Several genes have been identified in genetic testing of people with Parkinson’s and laboratory animals who have developed Parkinson’s. Currently, researchers that are testing new Parkinson’s drugs that target specific gene mutations.
Many genes involved in Parkinson’s disease are inherited in either autosomal dominant or autosomal recessive patterns. Everyone has two copies of each gene (a section of the DNA that codes for a certain molecule byproduct) within their genome (their entire DNA). Each parent passes one of these copies onto their children, with the other coming from the other parent.
Dominant traits require that only one copy of a genetic mutation is inherited, which can be from either parent. Recessive traits, on the other hand, require two copies of a mutation — one from each parent.
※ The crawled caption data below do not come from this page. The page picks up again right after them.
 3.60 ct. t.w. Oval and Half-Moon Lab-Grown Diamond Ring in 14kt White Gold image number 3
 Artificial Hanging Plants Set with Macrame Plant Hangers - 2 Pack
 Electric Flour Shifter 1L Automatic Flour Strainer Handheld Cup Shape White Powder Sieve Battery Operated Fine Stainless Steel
Parkin (PRKN or Park2 gene) is a protein that is part of the repair system when a portion of the cell called mitochondria — the energy-producing center of cells — becomes damaged. It also helps cells clear waste and extra unnecessary proteins. Mutations to the Parkin gene, therefore, cause cells to fail to repair damage and die as a result.
Pink1 has a very similar function to parkin in the mitochondria, protecting them from malfunctioning during periods of cellular stress, such as unusually high energy demands.
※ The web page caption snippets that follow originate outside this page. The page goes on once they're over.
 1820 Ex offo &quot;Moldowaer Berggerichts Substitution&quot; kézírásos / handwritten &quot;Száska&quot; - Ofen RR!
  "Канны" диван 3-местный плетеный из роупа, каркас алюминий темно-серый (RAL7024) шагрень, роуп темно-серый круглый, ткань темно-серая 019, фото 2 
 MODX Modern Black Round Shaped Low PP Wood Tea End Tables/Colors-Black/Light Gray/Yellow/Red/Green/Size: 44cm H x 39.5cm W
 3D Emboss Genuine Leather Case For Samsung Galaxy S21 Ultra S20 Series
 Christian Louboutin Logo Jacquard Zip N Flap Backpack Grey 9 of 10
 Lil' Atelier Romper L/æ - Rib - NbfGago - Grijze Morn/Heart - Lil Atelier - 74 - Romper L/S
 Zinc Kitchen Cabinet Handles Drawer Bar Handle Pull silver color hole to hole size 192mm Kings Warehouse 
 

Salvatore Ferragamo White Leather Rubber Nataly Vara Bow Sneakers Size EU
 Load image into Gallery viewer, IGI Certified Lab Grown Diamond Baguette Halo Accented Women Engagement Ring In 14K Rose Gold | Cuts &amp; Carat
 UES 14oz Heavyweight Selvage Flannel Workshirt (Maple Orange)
Park7 is a gene that codes for a protein (DJ-1) that is a damage sensor against dangerous atoms called free radicals — it helps sense when a cell is under too much stress from these radicals and helps respond appropriately. Mutations to Park7 disrupt this process and cause dopamine-producing cells to cave under stress and die.
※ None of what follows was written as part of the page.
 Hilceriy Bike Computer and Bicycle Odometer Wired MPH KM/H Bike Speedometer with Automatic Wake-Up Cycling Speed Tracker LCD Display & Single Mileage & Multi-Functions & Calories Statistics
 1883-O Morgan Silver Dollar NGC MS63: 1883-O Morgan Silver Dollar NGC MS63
SNCA is the gene that encodes alpha-synuclein. A mutation in this gene may alter the structure of alpha-synuclein enough so that it is more prone to clumping together and accumulating to toxic levels in dopamine-producing brain cells.
LRRK2 codes for a protein called dardarin, which can recycle proteins (like alpha-synuclein) in the cell for other uses, helps to determine which proteins are made by the cell, and helps maintain the cell’s skeleton.
Interestingly, LRRK2 is not just found in the brain but also in many other organs and cell types, such as heart cells, blood cells, and immune cells.
The GBA gene represents a protein called glucocerebrosidase, which breaks down certain types of fatty waste molecules that build up within brain cells. Mutations to GBA mean that cells fail to break down these waste products, causing them to accumulate and kill the brain cell.
GBA mutations are found in many cases of Parkinson’s disease when people experience early motor signs (such as tremor) compared to the general population of people with Parkinson’s overall.
Like any other condition, there are risk factors for Parkinson’s disease. Age and genetic history are two of the most common factors that may increase disease risk. In sporadic cases, genetics are not a major factor, and so those who get sporadic Parkinson’s are often much older when they are diagnosed and start noticing symptoms. Genetic forms usually have a family history — for example, maybe a parent or grandparent developed Parkinson’s.
Don’t hesitate to discuss your family’s medical history with your doctor, as this can add depth to the medical advice you receive from your health care team.